Understand the pathways to obtaining student financial aid while actively managing a Chapter 13 bankruptcy plan.
Understand the pathways to obtaining student financial aid while actively managing a Chapter 13 bankruptcy plan.
Chapter 13 bankruptcy provides a structured repayment plan for individuals with regular income, allowing them to manage their debts over three to five years. For many, pursuing higher education offers a path to improved financial stability and career prospects. Many individuals in Chapter 13 worry their bankruptcy status will hinder access to financial aid for educational pursuits.
Federal student aid eligibility generally requires that an applicant be a U.S. citizen or eligible non-citizen, possess a valid Social Security number, have a high school diploma or its recognized equivalent, and maintain satisfactory academic progress. A Chapter 13 bankruptcy filing does not automatically disqualify an individual from receiving most forms of federal student aid, such as Pell Grants, subsidized, or unsubsidized Direct Loans. Federal law, specifically 11 U.S.C. § 525(c), protects individuals from being denied federal grants, loans, or work-study solely due to a bankruptcy filing.
However, a Chapter 13 bankruptcy can impact eligibility for certain types of federal aid, particularly PLUS Loans (Parent PLUS and Grad PLUS Loans), which are subject to a credit check. An “adverse credit history” can lead to a denial for these loans. This includes being 90 or more days delinquent on any debt, having over $2,085 in total debt in collections or charged off within the last two years, or having a bankruptcy discharge, foreclosure, repossession, tax lien, wage garnishment, or default determination within the last five years. If a Chapter 13 bankruptcy discharge occurred within the five-year look-back period, it could trigger this adverse credit flag for PLUS Loans. Borrowers may still qualify for PLUS Loans despite an adverse credit history by documenting extenuating circumstances or by obtaining an endorser who does not have an adverse credit history.

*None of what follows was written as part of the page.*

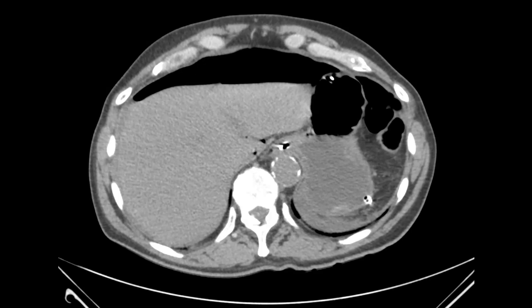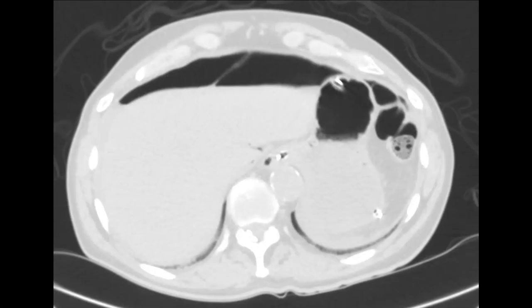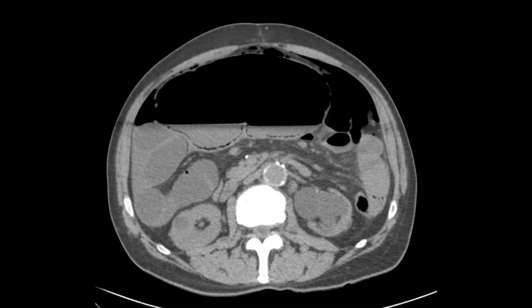Let's look at the axial view. On an axial soft tissue window, we see the free air, but we see it much more extensively when we look at the lung window. We also see that falciform ligament outlined as well as a few foci of gas deep to the liver. Returning to the soft tissue window, we see again that dilated cecum with curvilinear gas within the wall indicating pneumatosis.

When an individual in Chapter 13 bankruptcy seeks to incur new debt, including student loans, the bankruptcy trustee plays a significant role. Chapter 13 requires debtors to adhere to a court-approved repayment plan, and during this period, new debt cannot be taken on without the trustee’s approval. This requirement applies to student loans, whether federal or private.
The trustee ensures any new debt does not jeopardize the Chapter 13 repayment plan. To gain approval, the debtor must demonstrate the student loans are necessary for their education and will improve their long-term financial situation, increasing their ability to complete the Chapter 13 plan and repay future obligations. For larger federal PLUS loans or private loans, court approval may also be required in addition to the trustee’s consent. Consulting a bankruptcy attorney can help navigate this process, as they can prepare the necessary motion explaining why the loan is essential and how it aligns with the Chapter 13 plan.

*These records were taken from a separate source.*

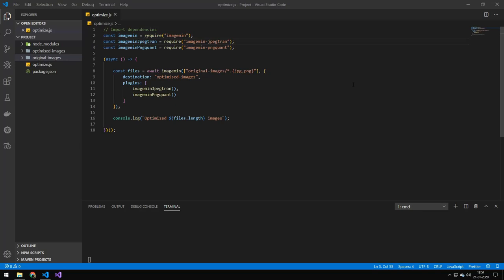So today we're going to be taking a look at reducing the size of an image without reducing the quality. For this task, I have decided to use this library called ImageMin.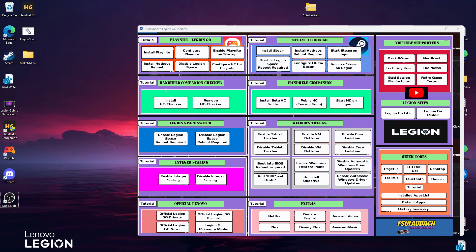This tutorial is going to be going over and focusing on the Handheld Companion Checker section here - what it is, why I made it, and why it's important.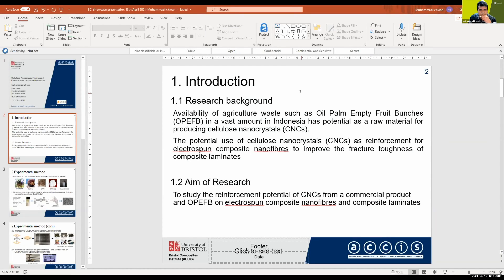This is the introduction of my research. The research background concerns the viability of agricultural waste such as oil palm and different plants in Indonesia, which has potential as a raw material for producing cellulose nanocrystals. The cellulose nanocrystals have potential as reinforcement for electrospun composite nanofiber and can also be used to improve the fracture toughness of composite laminates.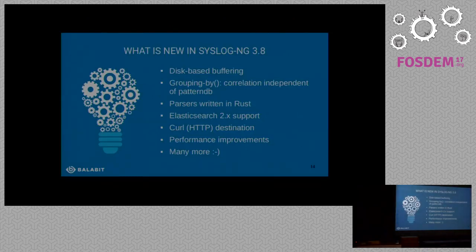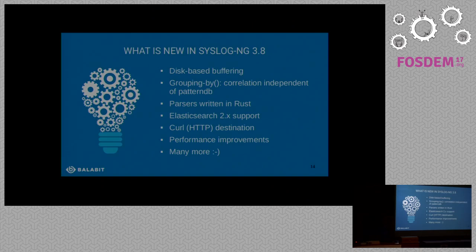A few words about our latest release. What's new? We added disk-based buffering. Correlation is made easier. You can write your own parsers in Rust. Elasticsearch 2 is supported — and I forgot to mention, Elasticsearch 5 is also supported. And there were many performance improvements as well.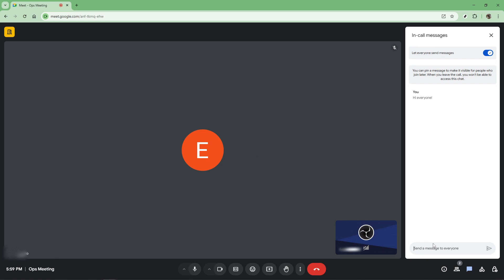It's perfect for sharing links, quick thoughts or questions that may require a bit of discussion later. When you're ready to send a message, simply click into the text box at the bottom of the chat panel. Here, you can type out your message. Take a moment to compose your message clearly. This helps ensure your point comes across effectively and it's especially important when chatting in a professional or educational setting.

Applying for federal student aid while in Chapter 13 bankruptcy involves completing the Free Application for Federal Student Aid (FAFSA). The FAFSA generally does not ask specific questions about bankruptcy filings, allowing individuals to submit it and qualify for aid.
Communicate openly with the college financial aid office about your Chapter 13 status. While the FAFSA may not delve into your bankruptcy specifics, direct communication helps the financial aid office provide tailored guidance and inform you of any required documentation. This might include a letter from your bankruptcy trustee or the bankruptcy court confirming your status and approval to take on new educational debt. The financial aid office can then assist in clarifying eligibility and navigating any institutional requirements.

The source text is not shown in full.